In deciding whether a particular place is included within the amendment, decisional law has outlined pertinent considerations. For example, "[i]t is the status of the way, not the status of the driver, which the statute defines . . . ." Commonwealth v. Hart, 26 Mass. App. Ct. at 237-238. In addition, it is the objective appearance of the way that is determinative of its status, rather than the subjective intent of the property owner. See Commonwealth
v. Smithson, 41 Mass. App. Ct. 545 , 549 (1996). Finally, if the "physical circumstances of the way are such that members of the public may reasonably conclude that it is open for travel to invitees or licensees," this element of the statute is satisfied. Commonwealth v. Hart, 26 Mass. App. Ct. at 238. Some of the usual indicia of accessibility to the public include a paved road, the absence of signs prohibiting the public from access to the road, and street lights, curbing, houses, crossroads, and traffic. See Commonwealth v. Muise, 28 Mass. App. Ct. 964 (1990). See also Commonwealth v. Mara, 257 Mass. 198 , 208-209 (1926).

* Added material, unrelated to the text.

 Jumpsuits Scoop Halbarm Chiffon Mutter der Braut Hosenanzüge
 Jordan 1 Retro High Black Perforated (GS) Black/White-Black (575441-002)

The characteristics of the North Andover shopping mall parking lot, even during the hours that the mall shops are closed, place the parking lot within reach of G. L. c. 90, § 24, as amended by St. 1961, c. 347. While the use of the parking lot after closing hours would be significantly diminished, there were services at the mall, such as pay telephones and newspaper distribution boxes, which could be used without the presence of a storekeeper. There was no suggestion that the ATM machine was not available. Thus, their presence created the reasonable expectation among members of the public that they were welcome to operate their vehicles in the parking lot in order to access those services that were uniquely available when the shops were closed. See Commonwealth v. Hart, 26 Mass. App. Ct. at 237 (presence of businesses along the side of private way support its inclusion within scope of the drunk-driving statute).
2. Public policy and the "shelter defense." The defendant argues for the first time on appeal that as a matter of public policy, a person should not be punished for the crime of operating a motor vehicle while under the influence of alcohol if, once the operator feels the effect of alcohol, he or she removes the vehicle from the roadway. Thus, the defendant requests that we adopt a "shelter defense" for individuals who stop their vehicles because they think they are under the influence of alcohol or drugs.
We realize that at least one jurisdiction, Arizona, recognizes a limited type of "shelter defense." See State v. Love, 182 Ariz. 324, 326-327 (1995). See also Atkinson v. State, 331 Md. 199, 212-218 (1992). However, we agree with other jurisdictions
which reject the "shelter defense" and hold that a better policy is for a person who drinks alcohol to anticipate and ascertain his or her ability to operate a motor vehicle before attempting to do so. See Naperville v. Watson, 175 Ill. 2d 399, 404-405 (1997); State v. Peterson, 236 Mont. 247, 251 (1989). See also Richfield City v. Walker, 790 P.2d 87, 93 (Utah 1990) ("shelter defense" is province of Legislature).
[Note 1] Officer Brush described the parking lot as a "private way," but it is clear from his testimony that the public had access to the parking lot.
[Note 2] This language remains in the current statutory scheme. See G. L. c. 90, § 24(1)(a)(1), first par., as appearing in St. 1994, c. 25, § 3.